I addressed this denial of free will/personal responsibility in “San Fransicko.” I noted that, after WWII, there was a debate over free will, and most decided that the “good soldier” a.k.a. “I was just following orders” defense was untenable.
I pointed out that denial of free will gives people permission to behave badly. SBF may be proof of that.
If free will is a myth, it’s a good one. It’s what leads people to obey laws. It’s what allows civilization to exist. The fact that free will is a myth, “socially constructed,” is no argument against it.
What all of that philosophical gymnastics gets you is the justification to do whatever you want. It opens the door to might-makes-right justifications. And it provides a clear path to the charitable-ends-justify-the-fraudulent means rationalizations SBF engaged in.
This scandal is spectacular proof that high intelligence is no substitute for shitty ethics, and may even undermine them. The smartest guys in the room are particularly well-equipped to justify bad, power-hungry nihilism.
BINGO
Some people have misinterpreted my thread as saying we should blame SBF’s mother for SBF’s apparent crimes. Definitely not. That’s her argument, not mine. I’m saying we should hold SBF, and nobody else, responsible.
As usual, the antidote can be found near the poison. Paul Bloom, in the same issue, makes the identical case I made, which is that free will motivates good behavior.
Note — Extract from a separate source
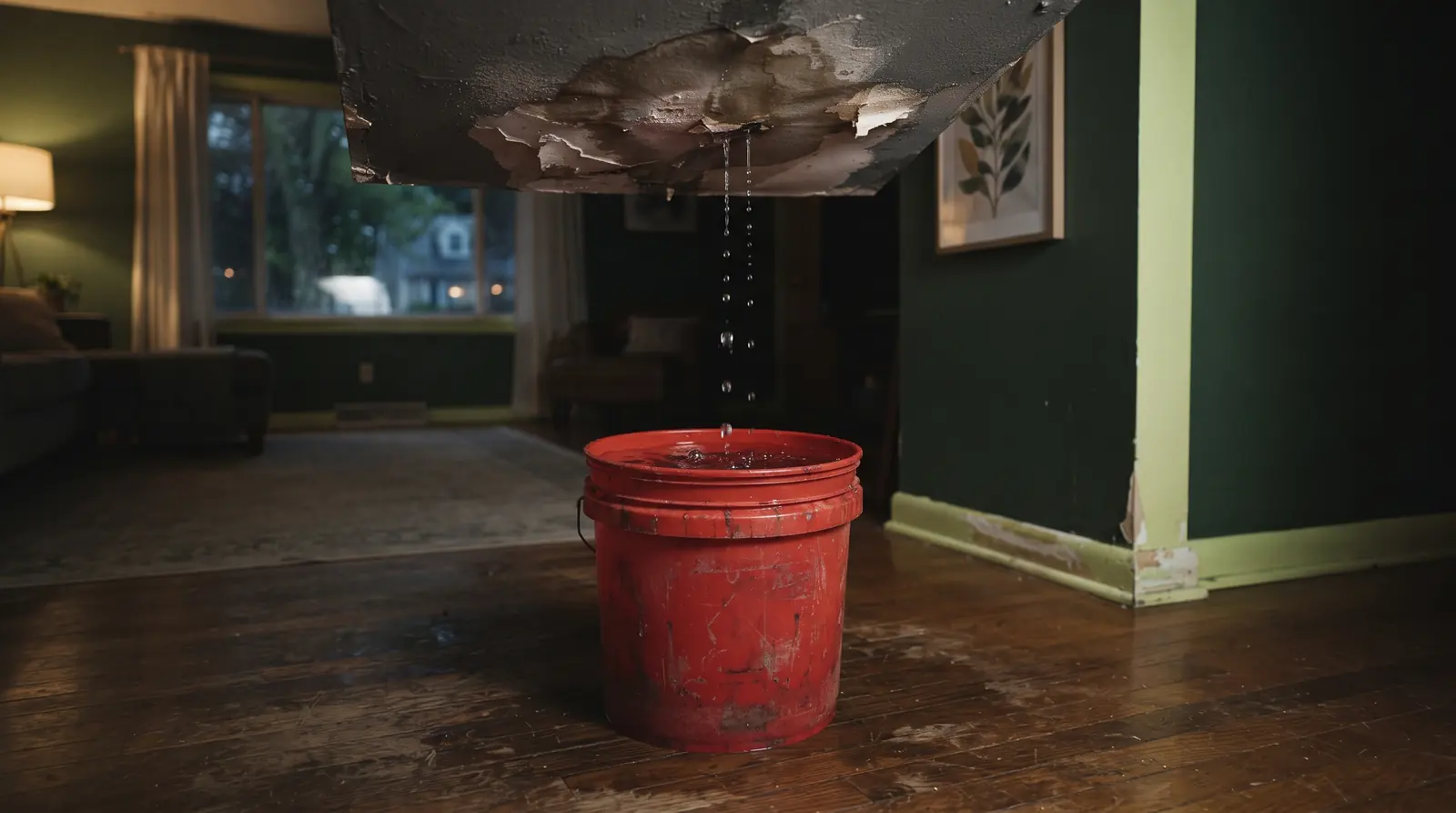 Bucket catching water from a ceiling leak in a lit room at night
bostonreview.net/forum_response…
“If you take her argument seriously, nobody should blamed for anything—not the teenager, or the corrupt politician, or the cheating spouse, or anybody else. You also shouldn’t praise, admire, or respect anyone, as all of these attitudes presume some degree of choice.”
Amen
SBF deliberately hit his investors in the face while they were sleeping and now he is half-denying he did so deliberately.